In short, precisely at that point where the analysis of the present opens
the way to an analysis of the future.


In Futur antérieur all this was widely understood and jointly discussed.
Furthermore, the discussions about class struggle went hand in hand with a
deep reappraisal of the latest themes in French philosophy. Once, in the
nineteenth century (says Marx), there was a relation between Germany and
France: in Germany metaphysical thought ruled the roost, and this way of
thinking about transformation was picked up by the struggles of the workers
and the proletariat in France. Futur antérieur represented a similar
relationship, but this time between France and Italy in the late twentieth
century: now it was Italy which came across as the place of struggles, and
France which came across as the place for theory. In Futur antérieur Italian
workerism proved itself on the terrain of a philosophy which was innovative
in European terms and transformed the socialist thinking of totality into a
communist thinking of difference. It was here, in this continuity and in
this synthesis, that we saw the powerful emergence of the theme of
precarious labour, and that of citizen income [reddito di cittadinanza]; it
was here that -- albeit in an atmosphere of major polemic -- that new lines
began to develop for the development and refoundation of a postsocialist
programme.


What more can I say? Both in the themes that it put forward and in the
polemics which enlivened the editorial committee, the journal lived, so to
speak, on the outer edge of the possibility of still thinking in terms of
socialism, and of the desire to invent communism. The journal lived in a
space between a distancing from of socialism, and communist excess.

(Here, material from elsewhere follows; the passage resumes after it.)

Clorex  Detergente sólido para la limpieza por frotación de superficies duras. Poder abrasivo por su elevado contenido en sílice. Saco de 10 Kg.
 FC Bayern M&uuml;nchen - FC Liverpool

Before ending I should obviously say something about the limitations in the
discourse of Futur antérieur. It was characterised by a certain eclecticism,
on a philosophical terrain located between Althusserianism and
Foucauldianism, between critique of socialism and traditions of communism,
between analysis of struggles and various openings in the critique of
ideology. This led to a rather contradictory atmosphere, perhaps
contradictory in a positive sense, but often aleatory, sometimes unsure of
itself and groping in the dark. The journal was postmodern without wanting
to be so, as a result of the internal polemics and the capacity which its
editors had, of [pulling] the debate towards a common point, a shared
emotion, a utopian projectuality, rather than dissipating the complexity,
the radicality and sometimes the contradictoriness of that experience into
destructive polemic. However, it is true to say that there was a degree of
theoretical eclecticism and a very dispersive philosophical discourse.
Another limitation was that the themes of feminism were touched on but not
assimilated, even though -- for the first time -- they were assuming a central
role in the elaboration of a communist discourse. Certainly, Futur antérieur
did publish in France the writings of Judith Butler, Donna Haraway and many
other feminists. The politicised feminist discourse which concluded in the
simple demand for equality of rights was systematically attacked and
demolished. On the other hand the thematic of female difference found in
Futur antérieur a place for its diffusion and a precise appreciation of its
value as a political programme. However, that said, Futur antérieur was not
capable of embarking on a progressive mechanism of absorption of the
theoretical and practical experience of feminism into the themes of
postmodernity. This was a big limitation, and was not much lessened by our
intellectual and political curiosity.


You, dear readers, cannot imagine the level of polemic, not to mention
psychological and physical tension, around the editorial table at Futur
antérieur.
It was a miracle that this group of comrades was able to work
together, coming as they did from the experiences of French Trotskyism post-
'68 and the Italian workerism of the 1960s. But they were able to work
together, and the results were excellent. The editorial board of Futur
antérieur
worked by asking questions and by asking questions of each other.
A combined operation of research and theory, conjunctural interventions and
attempts at the elaboration of programmes. Futur antérieur broke with the
literary and journalistic traditions of the labour movement and in a strange
but extremely positive manner renewed many things in the project of
communism.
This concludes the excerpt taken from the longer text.